Activity: The answer must consist only of the lines from the line with "Terreno en Alquiler en La Plata 3" to the line with "敦研616玉米种子介绍，中抗茎腐病", both included, exactly as they stand below.

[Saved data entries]
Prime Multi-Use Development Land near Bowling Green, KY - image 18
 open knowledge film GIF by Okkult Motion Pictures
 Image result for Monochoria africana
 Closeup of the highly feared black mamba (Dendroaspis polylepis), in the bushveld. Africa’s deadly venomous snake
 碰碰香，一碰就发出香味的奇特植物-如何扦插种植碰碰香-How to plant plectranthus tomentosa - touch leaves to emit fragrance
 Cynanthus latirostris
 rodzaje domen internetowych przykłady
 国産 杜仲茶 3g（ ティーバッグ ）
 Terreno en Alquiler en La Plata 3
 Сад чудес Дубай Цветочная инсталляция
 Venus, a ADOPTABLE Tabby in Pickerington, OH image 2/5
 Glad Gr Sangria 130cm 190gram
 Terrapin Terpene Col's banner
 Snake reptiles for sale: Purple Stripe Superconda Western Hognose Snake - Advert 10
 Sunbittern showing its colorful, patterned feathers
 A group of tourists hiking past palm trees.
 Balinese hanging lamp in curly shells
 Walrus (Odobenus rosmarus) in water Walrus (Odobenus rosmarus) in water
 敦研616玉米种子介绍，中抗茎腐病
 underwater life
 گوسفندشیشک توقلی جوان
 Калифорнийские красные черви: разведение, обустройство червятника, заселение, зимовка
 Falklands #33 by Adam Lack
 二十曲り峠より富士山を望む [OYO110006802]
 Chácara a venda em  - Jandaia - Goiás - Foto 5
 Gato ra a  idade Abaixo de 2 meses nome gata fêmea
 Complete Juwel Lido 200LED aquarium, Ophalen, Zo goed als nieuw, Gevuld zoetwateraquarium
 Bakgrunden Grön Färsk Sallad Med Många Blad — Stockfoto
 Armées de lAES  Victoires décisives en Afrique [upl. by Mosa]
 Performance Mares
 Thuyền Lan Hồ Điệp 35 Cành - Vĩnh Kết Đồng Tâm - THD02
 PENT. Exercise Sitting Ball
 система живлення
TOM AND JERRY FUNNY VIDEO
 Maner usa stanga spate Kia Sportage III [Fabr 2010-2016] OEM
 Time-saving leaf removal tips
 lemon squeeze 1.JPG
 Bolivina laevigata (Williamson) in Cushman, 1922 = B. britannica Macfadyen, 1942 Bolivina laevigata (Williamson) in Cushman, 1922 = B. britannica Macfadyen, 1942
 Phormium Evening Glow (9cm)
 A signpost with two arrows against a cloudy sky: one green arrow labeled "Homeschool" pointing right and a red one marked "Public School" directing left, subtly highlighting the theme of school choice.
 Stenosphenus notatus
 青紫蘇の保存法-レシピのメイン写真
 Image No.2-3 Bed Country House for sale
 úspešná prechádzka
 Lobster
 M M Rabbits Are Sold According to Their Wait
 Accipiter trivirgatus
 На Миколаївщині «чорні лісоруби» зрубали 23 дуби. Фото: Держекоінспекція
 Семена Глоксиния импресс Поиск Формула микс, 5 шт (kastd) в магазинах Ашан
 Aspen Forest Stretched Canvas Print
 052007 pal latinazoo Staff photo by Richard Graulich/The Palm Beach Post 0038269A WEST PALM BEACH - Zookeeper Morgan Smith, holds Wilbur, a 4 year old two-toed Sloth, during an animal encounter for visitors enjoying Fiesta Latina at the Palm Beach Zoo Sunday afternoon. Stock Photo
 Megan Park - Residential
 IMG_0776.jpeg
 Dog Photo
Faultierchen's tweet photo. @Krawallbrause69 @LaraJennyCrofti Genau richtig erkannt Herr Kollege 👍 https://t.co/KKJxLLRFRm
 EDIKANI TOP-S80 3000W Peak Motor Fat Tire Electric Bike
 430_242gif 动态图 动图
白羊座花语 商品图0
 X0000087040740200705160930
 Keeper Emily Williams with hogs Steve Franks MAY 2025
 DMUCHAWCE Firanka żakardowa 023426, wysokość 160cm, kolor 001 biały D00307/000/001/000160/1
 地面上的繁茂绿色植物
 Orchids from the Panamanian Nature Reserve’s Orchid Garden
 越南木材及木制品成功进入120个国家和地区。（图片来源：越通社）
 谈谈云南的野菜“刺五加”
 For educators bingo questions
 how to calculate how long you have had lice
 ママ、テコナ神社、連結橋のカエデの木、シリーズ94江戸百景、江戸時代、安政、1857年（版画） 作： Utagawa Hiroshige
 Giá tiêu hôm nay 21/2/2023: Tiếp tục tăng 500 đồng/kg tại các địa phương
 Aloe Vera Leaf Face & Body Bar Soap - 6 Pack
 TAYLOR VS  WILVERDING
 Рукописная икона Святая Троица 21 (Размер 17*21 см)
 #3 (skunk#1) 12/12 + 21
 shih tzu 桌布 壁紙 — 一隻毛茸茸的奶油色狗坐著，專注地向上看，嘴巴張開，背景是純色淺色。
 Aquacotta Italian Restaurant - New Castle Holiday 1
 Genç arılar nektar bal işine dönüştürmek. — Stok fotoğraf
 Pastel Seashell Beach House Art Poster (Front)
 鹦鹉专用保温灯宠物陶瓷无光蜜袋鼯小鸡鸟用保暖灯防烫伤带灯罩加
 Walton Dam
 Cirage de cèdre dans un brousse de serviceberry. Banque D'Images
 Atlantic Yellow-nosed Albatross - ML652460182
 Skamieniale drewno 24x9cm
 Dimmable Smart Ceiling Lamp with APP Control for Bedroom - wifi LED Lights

Your response:
 Terreno en Alquiler en La Plata 3
 Сад чудес Дубай Цветочная инсталляция
 Venus, a ADOPTABLE Tabby in Pickerington, OH image 2/5
 Glad Gr Sangria 130cm 190gram
 Terrapin Terpene Col's banner
 Snake reptiles for sale: Purple Stripe Superconda Western Hognose Snake - Advert 10
 Sunbittern showing its colorful, patterned feathers
 A group of tourists hiking past palm trees.
 Balinese hanging lamp in curly shells
 Walrus (Odobenus rosmarus) in water Walrus (Odobenus rosmarus) in water
 敦研616玉米种子介绍，中抗茎腐病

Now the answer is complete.